Spinal anesthesia is commonly used for caesarean section and can lead to major secondary cardiovascular effects. The most frequent cardiovascular response to spinal anesthesia for elective caesarean section is a marked decrease in systemic vascular resistance and compensatory increases in heart rate and stroke volume.50 In a review of randomized, controlled trials of spinal anesthesia and caesarean section, the administration of prophylactic intravenous phenylephrine before delivery reduced the risk of hypotension by 64% compared with placebo and after delivery reduced the risks of hypotension, nausea, and vomiting by a similar amount.51 In recent years, phenylephrine rather than ephedrine has become the vasopressor of choice in obstetrics.52
Clinical Cardiovascular Findings in Normal Pregnancy
During pregnancy, healthy women experience some increased shortness of breath on exertion and increased fatigue. Because resting cardiac output is increased in pregnancy, the maximal cardiac output induced by exercise is achieved at a lower level of work. During rest or weight-bearing exercise (eg, walking or treadmill exercise), maternal oxygen uptake is significantly increased compared with the nonpregnant state.53 Furthermore, resting minute ventilation and tidal volume are increased and the expiratory reserve volume and functional residual capacity are decreased in pregnancy.54,55 Under the influence of neurohormonal changes, plasma volume increases more than red blood cell mass, resulting in the “physiological anemia” of pregnancy, and increased vasopressin secretion and drinking result in increased water retention, so despite increases in exchangeable sodium and a net gain of ≈1000 mg sodium, plasma osmolality is reduced and the hyponatremic hypervolemia of pregnancy occurs (Table). As a result, gestation-dependent edema can be found in up to 80% of healthy pregnant women. With the increases in maternal heart rate and cardiac output and the associated hypervolemia, the substantially reduced peripheral vascular resistance, and the evolving echocardiographic mild 4-chamber dilation of the heart in pregnancy, there are changes in heart sounds. After the first trimester, in the majority of mothers, the first sound is louder and has an exaggerated split (resulting from early mitral closure), an ejection systolic flow murmur is detected in 90%, a third heart sound is detected in 80%, and an atrioventricular diastolic flow murmur is detected in 20%.56 ECG changes in a normal pregnancy reflect the increased heart rate with minor left or right shifts in the QRS axis but no significant changes in ECG time intervals.17
Summary
The cardiovascular system undergoes significant structural and hemodynamic changes during the course of pregnancy.

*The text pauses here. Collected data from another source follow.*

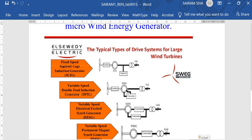This is the same action, but with a slip ring based machine where we utilize a converter. Another converter is used on the stator side and rotor side. This is the variable speed double fed induction generator. This is the variable speed electrically excited synchronous generator. These are all the different categories. Next is the variable speed permanent magnet synchronous generator.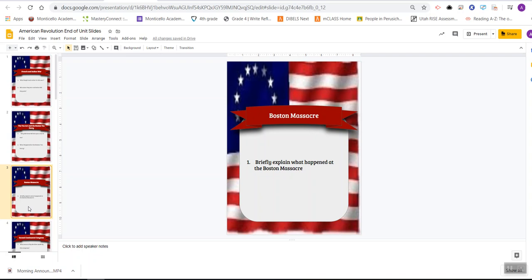Your test and this activity will both be due on Friday, and that is the end of our American Revolution unit. We will be starting the Constitution the following week. If you have any questions about this, you have today to ask them — you have all next week too. I just wanted to give you a brief introduction to what you'll be working on next week, so reach out if you have any questions.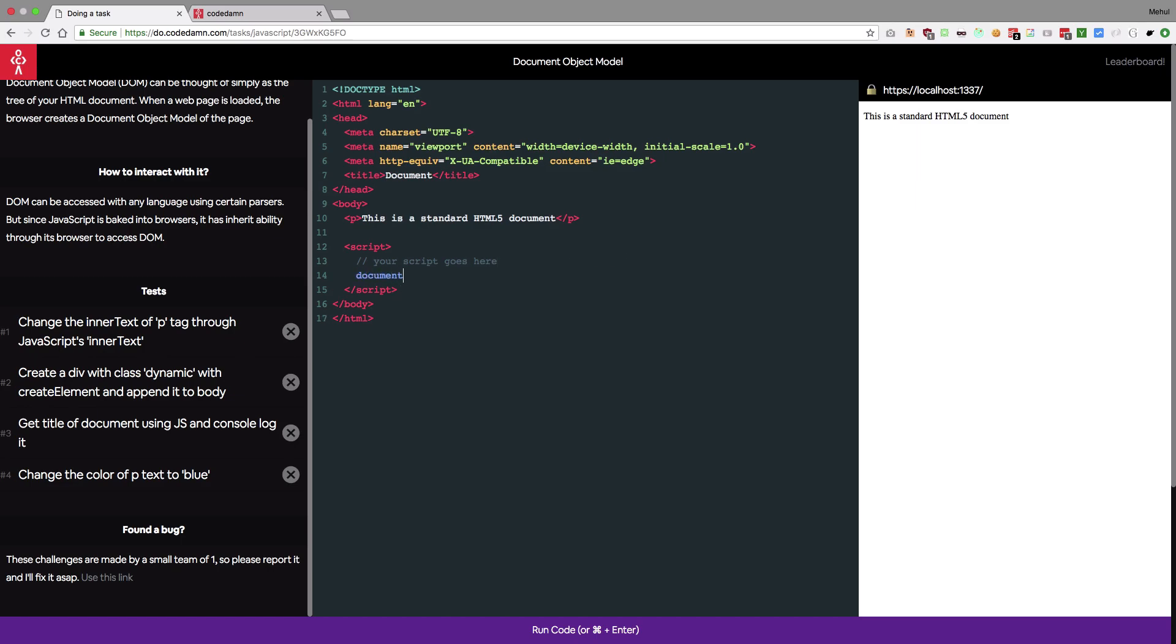So I'm gonna change the p tags inner text. I'm gonna say document.querySelector p.innertext and obviously there are a lot of ways to do this. You can maybe store this in a variable. You can get it from get tag name and stuff like that. You can also give it a class and basically it's your wish how you want to proceed with the challenge.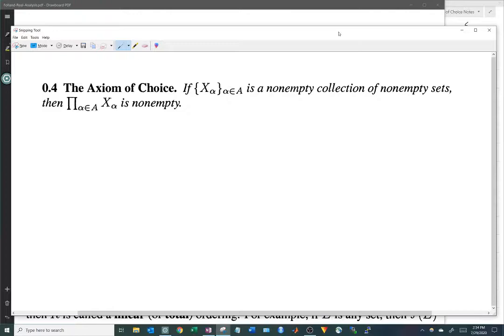So just to start out, let's state the axiom of choice. It says that if we have a non-empty collection of non-empty sets, then if you take the direct product of these sets, that direct product is non-empty. And if you think about that, it sort of seems like it should be obviously true — at least that's how I think of it. If you've got a whole bunch of non-empty sets and you line them all up and put them together through a direct product, then obviously what you get should be non-empty.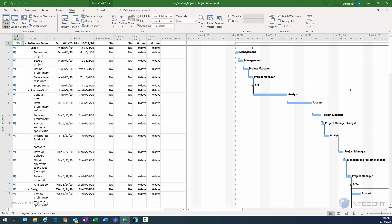With the variance table selected, we have baseline start, baseline finish, and then the variance column. The variance is basically the difference between the baseline and the actual — so for start variance, it's the variance between the baseline start and the actual start. This shows you if your project didn't start when you said it was going to start; there will be a variance showing the number of days the project was delayed. Similarly, if a task didn't finish on time according to the baseline, you'll see a variance there.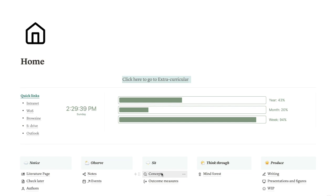I actually shared my task management system on the Notion subreddit and got around 700 likes and 80 comments. A lot of people seemed very interested in this template and were asking me to make one, so I finally got some time and did — and you can get it for free on my Twitter, which is just PhD Notion.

There are major increases in cardiac output and a decrease in maternal systemic vascular resistance; the renin-angiotensin-aldosterone system is significantly activated; and the heart and vasculature undergo remodeling. These adaptations allow adequate fetal growth and development, and maladaptation has been associated with fetal morbidity. Understanding the normal cardiovascular changes in pregnancy is essential to caring for patients with cardiovascular disease.